I'm guessing people will want to hear about the pain points to upgrading a large project to rails 4. So the remaining of teh post will highlight my findings.

Strong Parameters

I had originally thought the upgrade would be much more smooth to simply add the protected_attributes gem. It appears to just be the same functionality as rails 3 right? WELL, not exactly. The problem has to do with the gems in your project. You can expect maintainers of gems to support rails4 (and have rails 4 branches of the gems). You can not expect them to support the protected_attributes gem. Hence the guy maintaining protected_attributes either have to cover a bunch of "one off" issues or there are going to be cases where things just won't be supported.

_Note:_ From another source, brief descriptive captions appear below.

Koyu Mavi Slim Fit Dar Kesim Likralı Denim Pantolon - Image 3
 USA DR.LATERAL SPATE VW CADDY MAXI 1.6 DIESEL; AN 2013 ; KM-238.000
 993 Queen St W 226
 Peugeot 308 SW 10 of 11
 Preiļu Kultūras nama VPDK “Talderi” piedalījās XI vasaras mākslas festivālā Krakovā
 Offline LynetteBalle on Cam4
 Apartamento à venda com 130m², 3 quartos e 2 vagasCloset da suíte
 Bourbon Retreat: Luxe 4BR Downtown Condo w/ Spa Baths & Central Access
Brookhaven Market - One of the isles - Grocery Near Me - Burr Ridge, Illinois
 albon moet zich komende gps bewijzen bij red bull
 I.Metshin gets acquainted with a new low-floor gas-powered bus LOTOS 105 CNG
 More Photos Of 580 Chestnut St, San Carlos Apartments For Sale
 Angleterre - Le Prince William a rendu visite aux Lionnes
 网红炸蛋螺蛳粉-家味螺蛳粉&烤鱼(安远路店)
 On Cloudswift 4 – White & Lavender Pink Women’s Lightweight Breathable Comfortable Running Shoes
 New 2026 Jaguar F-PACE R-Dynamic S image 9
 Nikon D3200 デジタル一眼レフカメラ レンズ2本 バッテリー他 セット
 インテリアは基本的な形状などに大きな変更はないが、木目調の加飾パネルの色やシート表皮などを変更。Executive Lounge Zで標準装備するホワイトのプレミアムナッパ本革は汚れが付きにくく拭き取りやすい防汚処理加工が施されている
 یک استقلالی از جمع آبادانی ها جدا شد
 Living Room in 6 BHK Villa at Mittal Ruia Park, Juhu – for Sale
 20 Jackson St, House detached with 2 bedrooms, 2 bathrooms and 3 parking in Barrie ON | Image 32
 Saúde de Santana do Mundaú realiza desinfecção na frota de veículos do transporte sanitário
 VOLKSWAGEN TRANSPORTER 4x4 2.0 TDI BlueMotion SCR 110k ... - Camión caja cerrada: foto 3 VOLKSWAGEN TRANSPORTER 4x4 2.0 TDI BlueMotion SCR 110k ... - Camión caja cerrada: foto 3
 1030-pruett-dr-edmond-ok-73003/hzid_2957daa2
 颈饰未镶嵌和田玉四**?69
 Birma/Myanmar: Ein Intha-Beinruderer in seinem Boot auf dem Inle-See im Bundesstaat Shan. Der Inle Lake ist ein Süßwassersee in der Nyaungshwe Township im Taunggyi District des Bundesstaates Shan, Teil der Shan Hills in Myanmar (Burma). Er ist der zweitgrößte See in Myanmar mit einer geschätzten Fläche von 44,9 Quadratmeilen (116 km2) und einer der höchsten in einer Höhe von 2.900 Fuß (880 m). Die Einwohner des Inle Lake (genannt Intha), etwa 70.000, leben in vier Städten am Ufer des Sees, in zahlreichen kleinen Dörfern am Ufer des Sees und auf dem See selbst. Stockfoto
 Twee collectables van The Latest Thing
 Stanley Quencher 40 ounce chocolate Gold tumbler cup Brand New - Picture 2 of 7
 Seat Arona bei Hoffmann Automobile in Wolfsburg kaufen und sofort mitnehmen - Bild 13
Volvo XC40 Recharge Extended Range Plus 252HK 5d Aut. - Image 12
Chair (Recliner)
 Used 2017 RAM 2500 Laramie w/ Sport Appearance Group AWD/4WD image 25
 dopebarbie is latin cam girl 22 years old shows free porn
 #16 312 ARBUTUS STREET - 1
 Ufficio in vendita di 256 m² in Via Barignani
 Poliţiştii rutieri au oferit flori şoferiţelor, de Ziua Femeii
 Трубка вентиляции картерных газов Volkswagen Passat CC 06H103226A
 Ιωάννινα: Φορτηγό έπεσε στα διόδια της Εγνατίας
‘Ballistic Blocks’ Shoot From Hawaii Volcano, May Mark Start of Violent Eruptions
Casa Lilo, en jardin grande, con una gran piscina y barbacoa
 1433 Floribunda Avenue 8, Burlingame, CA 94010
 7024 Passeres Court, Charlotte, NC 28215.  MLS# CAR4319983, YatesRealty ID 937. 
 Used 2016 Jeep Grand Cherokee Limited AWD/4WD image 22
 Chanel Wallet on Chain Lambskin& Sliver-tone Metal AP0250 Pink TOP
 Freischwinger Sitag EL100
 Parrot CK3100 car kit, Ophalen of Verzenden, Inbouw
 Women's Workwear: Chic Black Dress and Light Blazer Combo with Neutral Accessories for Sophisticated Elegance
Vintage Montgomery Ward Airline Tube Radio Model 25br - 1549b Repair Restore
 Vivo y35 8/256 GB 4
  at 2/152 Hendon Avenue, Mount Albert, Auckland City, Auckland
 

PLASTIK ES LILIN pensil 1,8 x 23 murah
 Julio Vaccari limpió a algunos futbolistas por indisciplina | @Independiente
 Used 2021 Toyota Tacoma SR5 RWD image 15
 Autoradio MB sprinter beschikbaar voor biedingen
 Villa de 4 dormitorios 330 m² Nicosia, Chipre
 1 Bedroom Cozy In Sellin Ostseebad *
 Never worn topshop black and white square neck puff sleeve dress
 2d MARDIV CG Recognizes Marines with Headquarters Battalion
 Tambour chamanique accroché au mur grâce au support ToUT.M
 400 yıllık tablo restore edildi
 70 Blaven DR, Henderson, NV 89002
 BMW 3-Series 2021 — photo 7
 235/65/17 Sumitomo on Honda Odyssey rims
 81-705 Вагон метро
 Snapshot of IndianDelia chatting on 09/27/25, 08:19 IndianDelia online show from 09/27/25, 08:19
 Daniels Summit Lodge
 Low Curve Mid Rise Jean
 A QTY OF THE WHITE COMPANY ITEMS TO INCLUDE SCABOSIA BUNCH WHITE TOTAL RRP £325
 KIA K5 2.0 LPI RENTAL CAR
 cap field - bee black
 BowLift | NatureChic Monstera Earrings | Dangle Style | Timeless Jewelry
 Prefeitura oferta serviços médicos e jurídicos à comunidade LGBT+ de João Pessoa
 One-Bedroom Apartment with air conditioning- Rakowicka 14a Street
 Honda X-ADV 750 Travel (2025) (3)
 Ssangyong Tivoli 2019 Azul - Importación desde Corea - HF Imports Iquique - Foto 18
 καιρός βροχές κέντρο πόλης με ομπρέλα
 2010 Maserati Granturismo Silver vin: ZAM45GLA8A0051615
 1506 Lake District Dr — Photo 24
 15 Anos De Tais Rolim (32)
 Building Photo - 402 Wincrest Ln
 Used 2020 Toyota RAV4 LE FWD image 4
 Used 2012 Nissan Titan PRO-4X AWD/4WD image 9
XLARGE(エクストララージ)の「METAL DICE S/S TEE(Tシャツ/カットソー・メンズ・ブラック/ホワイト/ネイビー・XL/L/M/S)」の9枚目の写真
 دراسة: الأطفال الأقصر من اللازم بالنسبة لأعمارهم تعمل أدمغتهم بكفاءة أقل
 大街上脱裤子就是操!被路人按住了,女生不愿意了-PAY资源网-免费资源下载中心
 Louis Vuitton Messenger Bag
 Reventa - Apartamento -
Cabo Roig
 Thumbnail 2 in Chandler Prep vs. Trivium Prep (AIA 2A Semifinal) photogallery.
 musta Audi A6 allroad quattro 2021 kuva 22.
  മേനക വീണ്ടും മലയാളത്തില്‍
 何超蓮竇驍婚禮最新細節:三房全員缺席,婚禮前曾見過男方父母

Instead of looking into every gem that has issues working with protected_attributes, upgrading to use strong parameters is an option that should be best long term and in this case for the short term.

I had originally thought the admin area could be ignored but it appears passing raw parameters blows up. So the main task was to edit every controller with a create or update action. In most cases I created a prvate method called allowed_params like the following:

def update
  @address = current_user.addresses.new(allowed_params) 
  #...      
end      

private

def allowed_params
  params.require(:address).permit(:first_name, :last_name...)
end

I had two gotchas. First nested forms were not always working. I don't know the exact issue but luckily this only effected forms in the admin area. Given that it was just the admin my work-around was to use:

private

def allowed_params
  params.require(:address).permit!
end

Yes I did try the examples for nested forms but that didn't work out of the box in my case.

The second Gotchas was forgetting about my custom setters. For example a Purchase order form has a "receive_po" field that the receive_po method handles. I had to remember all teh use cases where forms used custom setters and put those params within the permitted params.

This was/is tedious work but generally the process was pretty quick.

GEM Upgrades

Some gems that needed to be upgraded were compass, database_cleaner, friendly_id, sass-rails and ZenTest.

 gem 'compass-rails', :git => 'git://github.com/milgner/compass-rails.git', :branch => 'rails4'

 gem 'database_cleaner', :git => 'git@github.com:bmabey/database_cleaner.git'

 gem "friendly_id", :git => "git@github.com:FriendlyId/friendly_id.git", :branch => 'rails4'

 gem 'sass-rails',   '~> 4.0.0.beta1'

 gem "ZenTest", '4.9.1'    

Deprecation Warnings

Wow I can not explain the number of deprecation warning I had at first. Most were straight forward to address.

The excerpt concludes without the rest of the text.